Uzlaşma Kültürü

Marsel RUSSO Köşe Yazısı
9 Ocak 2008 Çarşamba

Geçen günlerde, Ramazan dolayısı ile Üsküdar Belediyesi’nin düzenlediği iftar yemeğine katılan Yahudi ve Hıristiyan cemaatinin temsilcilerine, toplumdan gelen çirkin tepkileri gördüğümde, televizyonun başında donup kaldım dersem yalan olmaz.
Böylesine yakışıksız ve dayanaksız tepkilerin ekranlara taşınması topluma neler ifade eder bilmem ama beni derinden etkiledi. Günlerdir bunu düşünüyorum. Ramazan ayı gibi kutsal bir dönemde, dinler arası diyalogun mimarlarının Hatay’da yaptıkları toplantıda verdikleri kardeşlik ve dayanışma mesajlarının üzerinden henüz çok kısa bir zaman geçtiği bir anda, iftar çadırına misafir olarak gelen ve kendi cemaatlerinin selamlarını getiren diğer dinlerin temsilcilerine yağan bu öfkenin, hırsın anlamı ne?
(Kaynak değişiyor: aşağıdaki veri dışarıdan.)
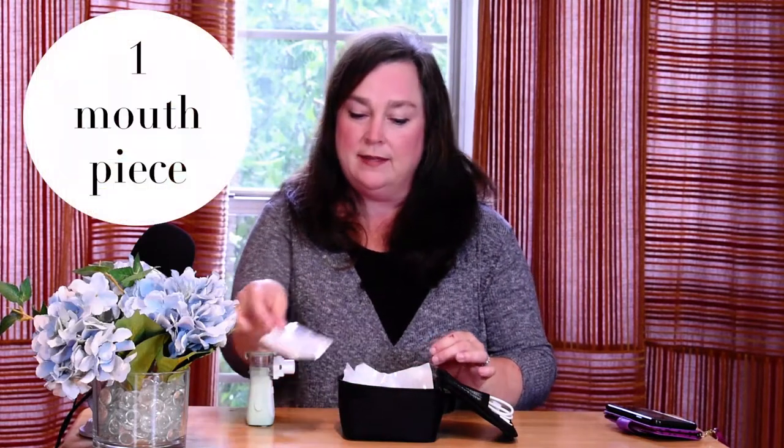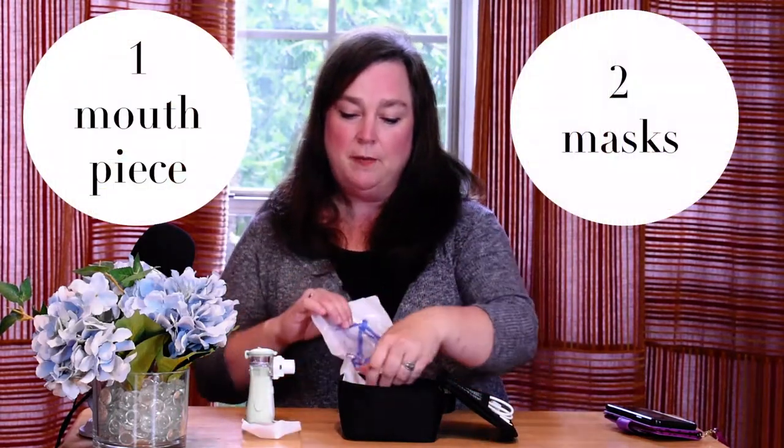This particular nebulizer comes with a mouthpiece and two masks — one is an adult size mask and one is a child size mask. For today's demonstration, I'm going to use the mouthpiece.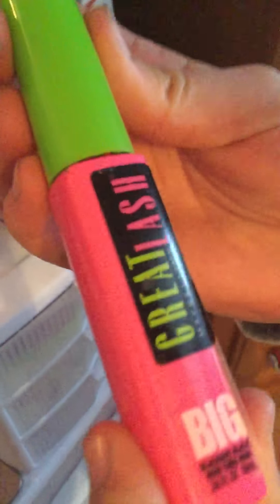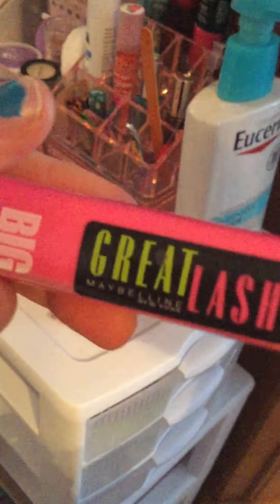Next she used this Great Lash Big mascara. It says blackest black — this is the color, black is black. Here's how it turns out on your eyes — you can see it open up and kind of see that.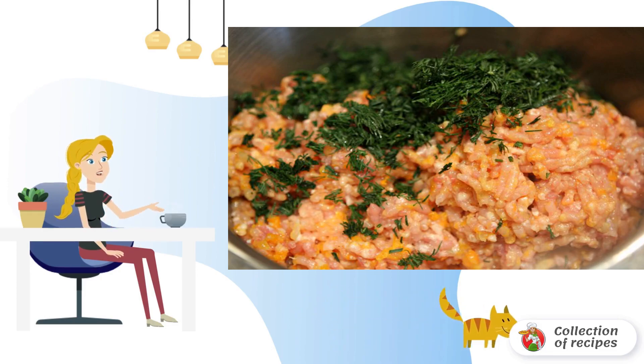From the hams, you need to carefully get the bone, having previously cut off all the flesh. Pass the meat through a meat grinder, combining with fried vegetables.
Geneli ifade etmeseler de, böyle çatlak seslerin yükselmesi neyin habercisidir?
Türkiye’nin toplumsal ve siyasi bir başarı sonucu AB ile müzakere sürecine girdiği şu günlerde, çok kültürlü sosyal yapısı kendisine bir avantaj sağlayacaktır… Çoğunluğu Müslüman olan bir ülkenin, Hıristiyan batı ile köprü kurması gibi tarihi bir misyon üstlenmesi bu anlamda, bir gurur kaynağı olmalıdır. Yüzyılın başından beri yaşanan terör olaylarının dünyayı nasıl bir eşiğe getirdiği dikkate alınırsa, bu misyonun önemi daha açık bir şekilde ortaya çıkar.
Türkiye tüm dünya için yeni bir model olma yolunda ilerliyor. Bu ilerleme sırasında, cahil, tarihi perspektifi olmayan, kibirli toplumların düştükleri hataya düşmek bizim için bir lükstür hiç şüphesiz… Ülkede yaşasın yaşamasın, dini veya kültürel kimliği ne olursa olsun, bu topraklarda doğan, yetişen herkesin, oluşan modele destek vermesi, başarıyı daha çabuk getirecek ve onu daha anlamlı kılacaktır.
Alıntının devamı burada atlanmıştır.